The California Exodus Accelerates

There’s lots of data, especially the comparison of rental rates for moving trucks into and out of California, to show the steady exodus of prosperous Californians and their businesses. The truck rental companies will almost give you a one-way truck to move from Texas to California, but charge a lot for a one-way truck from California elsewhere, which tells a lot.

A few years ago I was at a panel of business executives who bemoaned California’s high taxes and unfriendly regulatory environment, but who said their headquarters and major operations would stay put for the time being because they had long-term leases on building facilities, and as such it would cost more to move now than they’d save on lower costs elsewhere. But when those leases ran out. . .

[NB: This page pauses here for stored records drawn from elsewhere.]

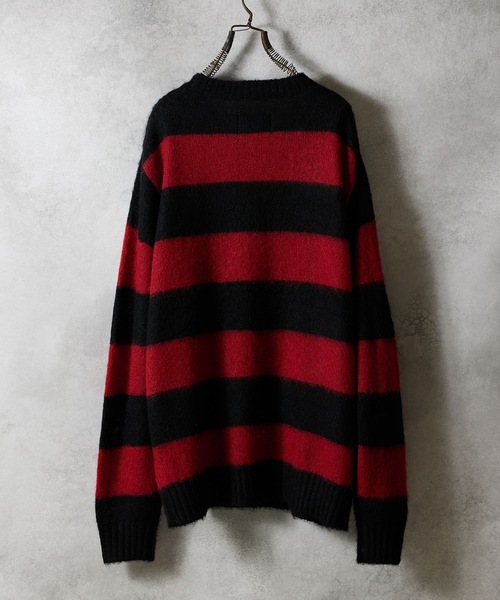 ういページ MOHAIR WIDE STRIPED KNIT SWEATER / モヘヤ ワイドボーダー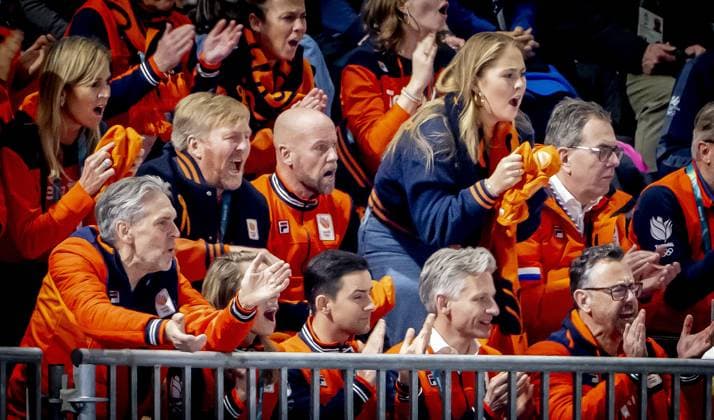 MILAN - Queen Maxima, Princess Amalia and King Willem-Alexander visit the women s 3000 meters Milano Speed Skating Stadium during the Milan Cortina 2026 Winter Olympics. ROBIN UTRECHT ANP netherlands out - belgium out  Copyright: xx x549927848x originalFilename: 549927848.jpg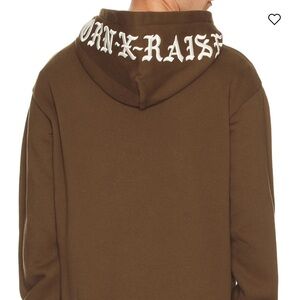 BORN X RAISED Brown Hoodie with White Logo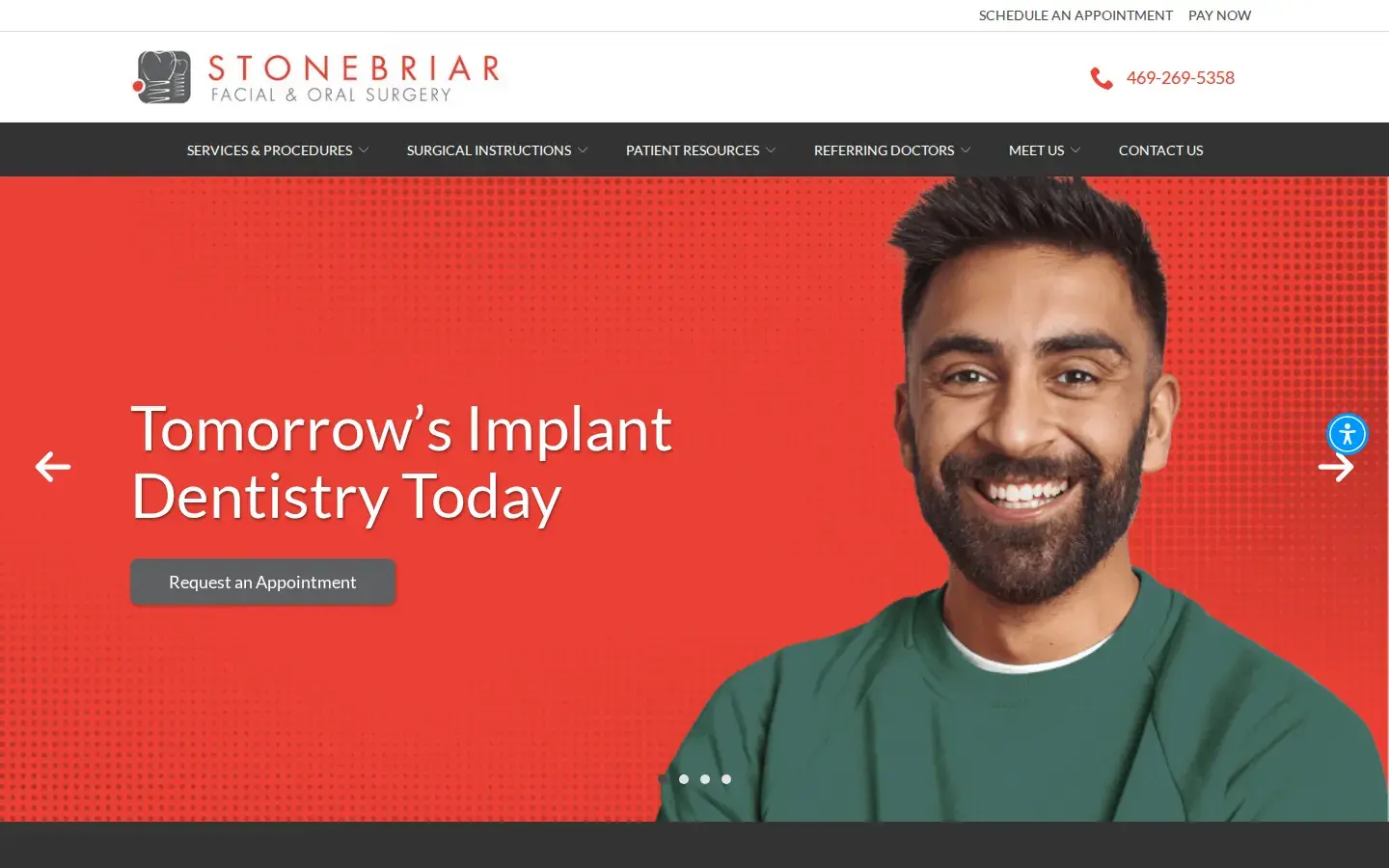 Homepage preview of Stonebriar Facial & Oral Surgery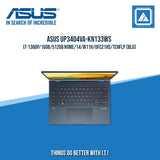 ASUS UP3404VA-KN133WS I7-1360P/16GB/512GB NVME | BEST FOR STUDENTS AND FREELANCERS LAPTOP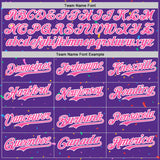Custom Purple Pink-White 3D Pattern Design Confetti Colorful Speckle Authentic Baseball Jersey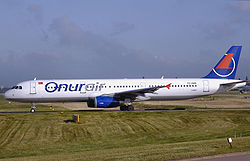 Ein Airbus A321-200 der Onur Air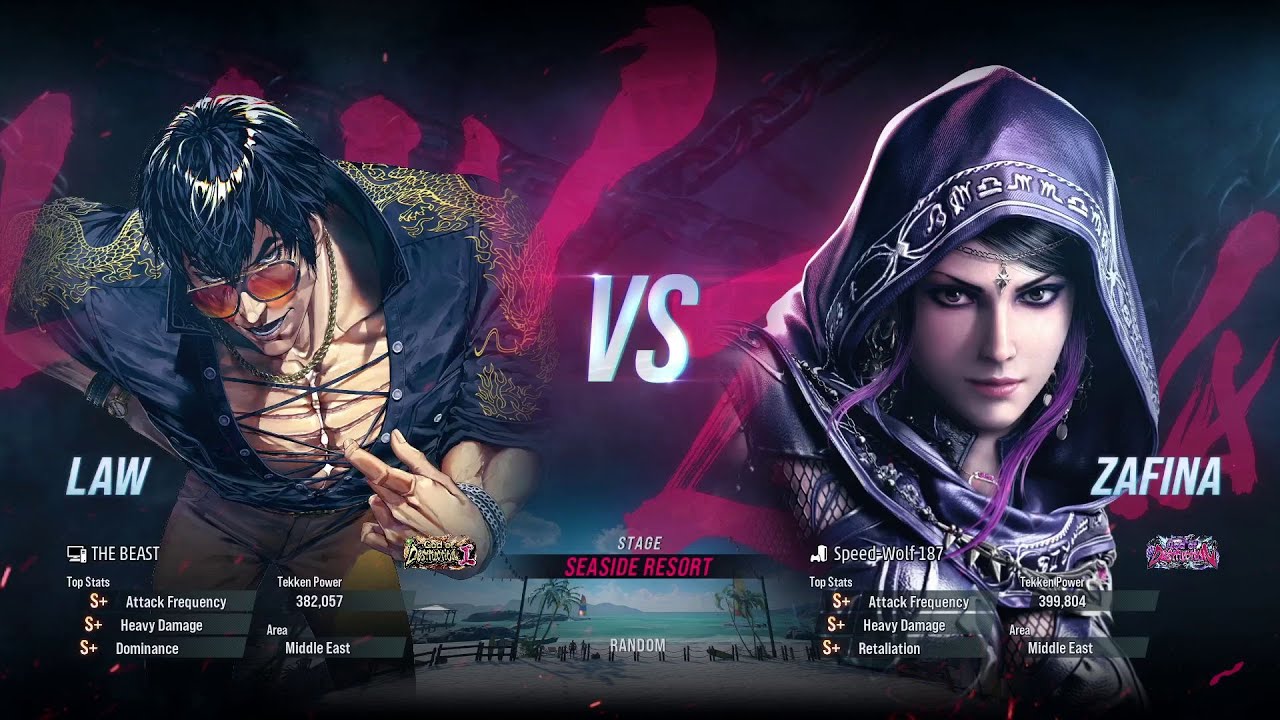 BSK (Law) VS Speed-Wolf 187 (Zafina) Tekken 8 Ranked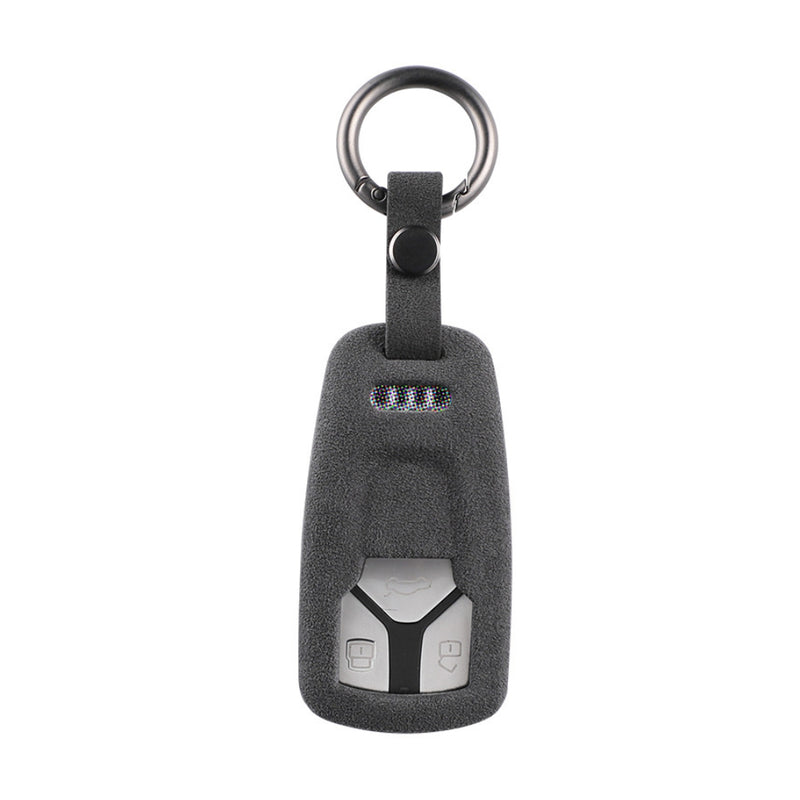 Load image into Gallery viewer, Audi Alcantara Car Remote Key Case For A4, A5, A6, Q5, Q7, S4, S5, S7
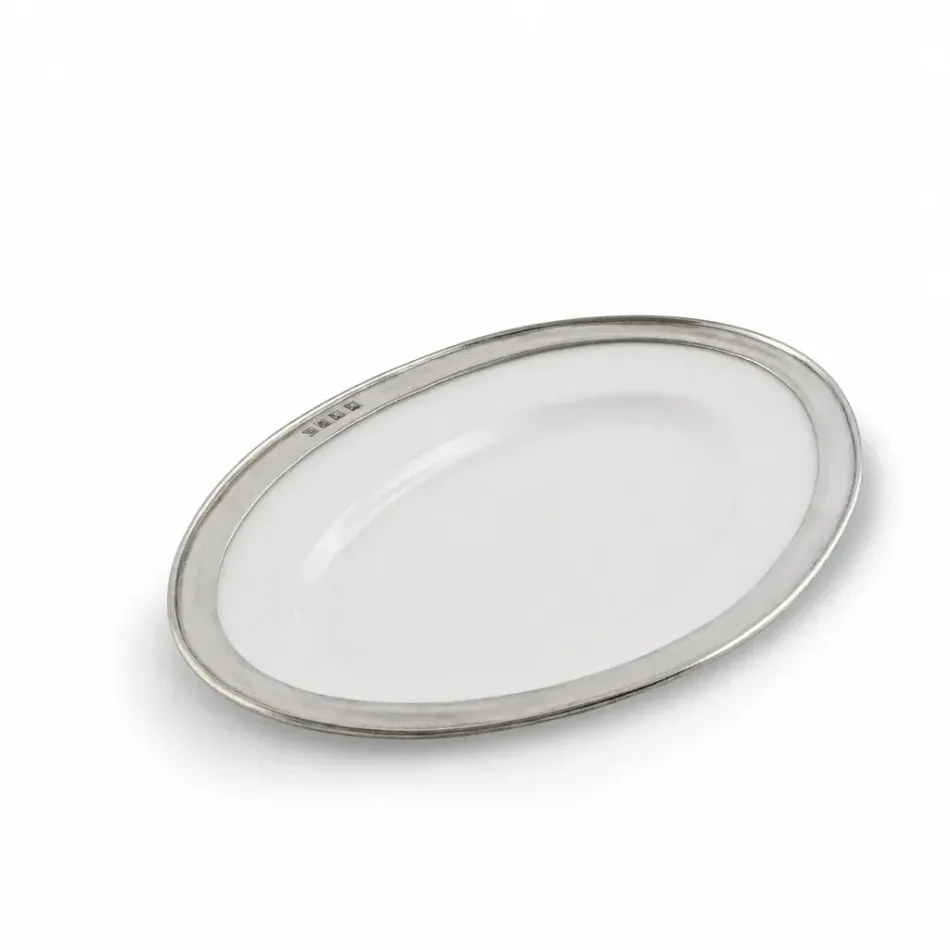 Oval Serving Platter Porcelain Small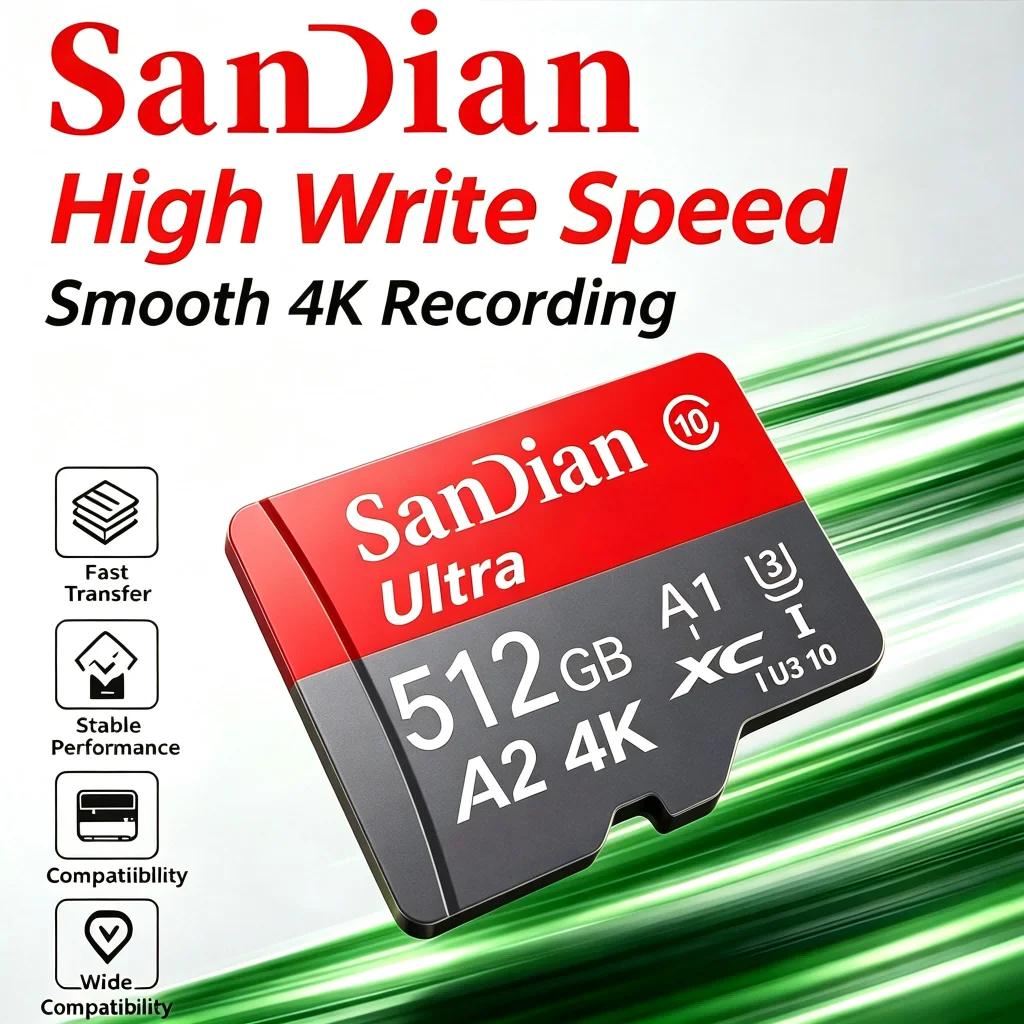 Elite Micro TF SD Card 256GB 32GB 128GB Memory Card SD Cards TF Cards V30 UHS-I for Drone/CCTV/GPS/MP3 Player/Baby Monitor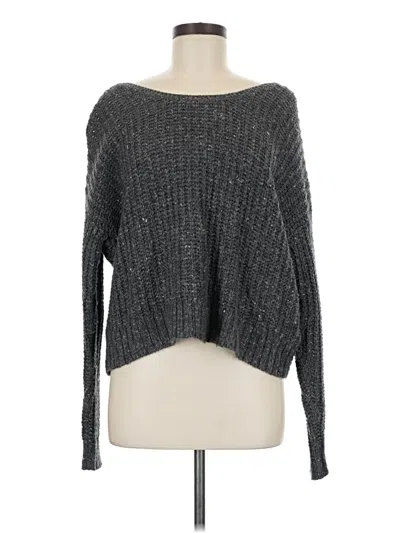 Pre-owned Assorted Brands Pullover Sweater In Gray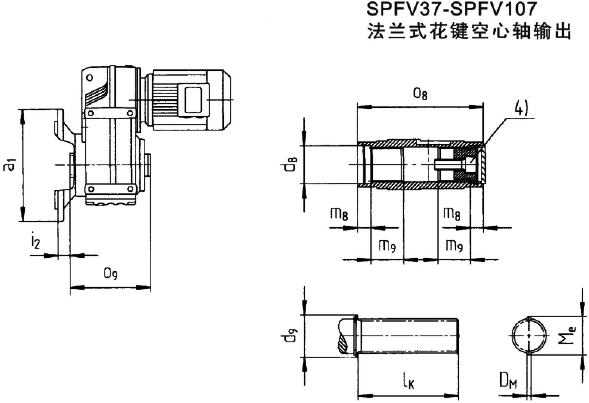 SPFV37-SPFV107ʽʽװγߴ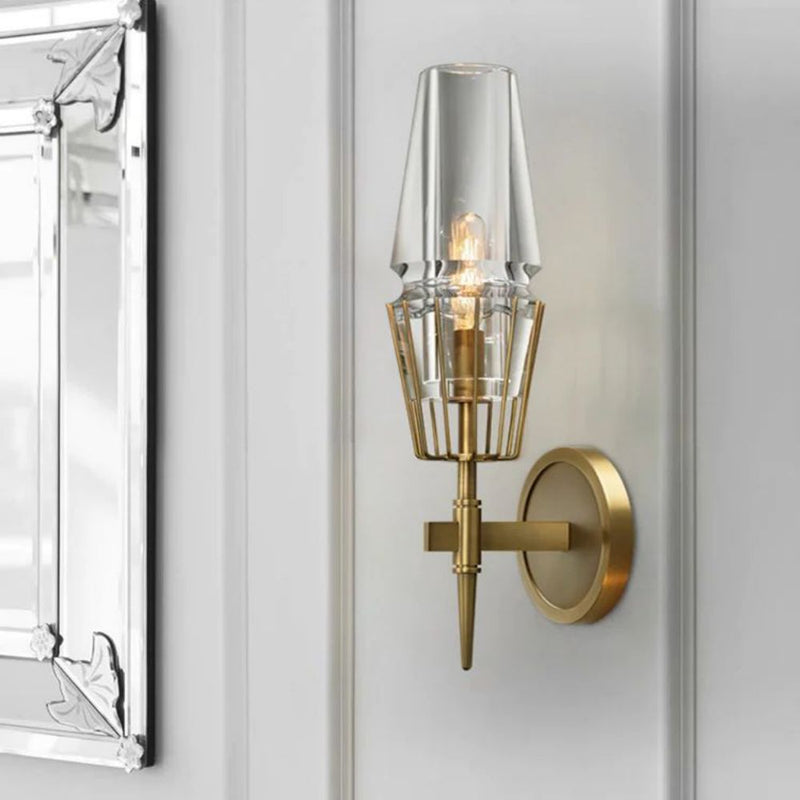 Water Pattern Crystal Sconce 16"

One of the people who said that on this panel was Andrew F. Puzder, the CEO of CKE Restaurants, the parent company of Carl’s Jr. and Hardee’s. Carl’s was founded and grew up in California, but it looks like the leases are up. Yesterday’s announcement:

The parent company of Carl’s Jr., founded in Anaheim 60 years ago, is relocating its California headquarters to Nashville, Tenn.

Carpinteria-based CKE Restaurants, which also owns St. Louis-based Hardee’s, is consolidating both offices in Tennessee, where it has several company-owned restaurants. All senior executives, including Chief Executive Andrew F. Puzder will be moving to Nashville, Chief Marketing Officer Brad Haley said.

By the way, did I mention that Tennessee has no state income tax? Expect more of this over the next few years.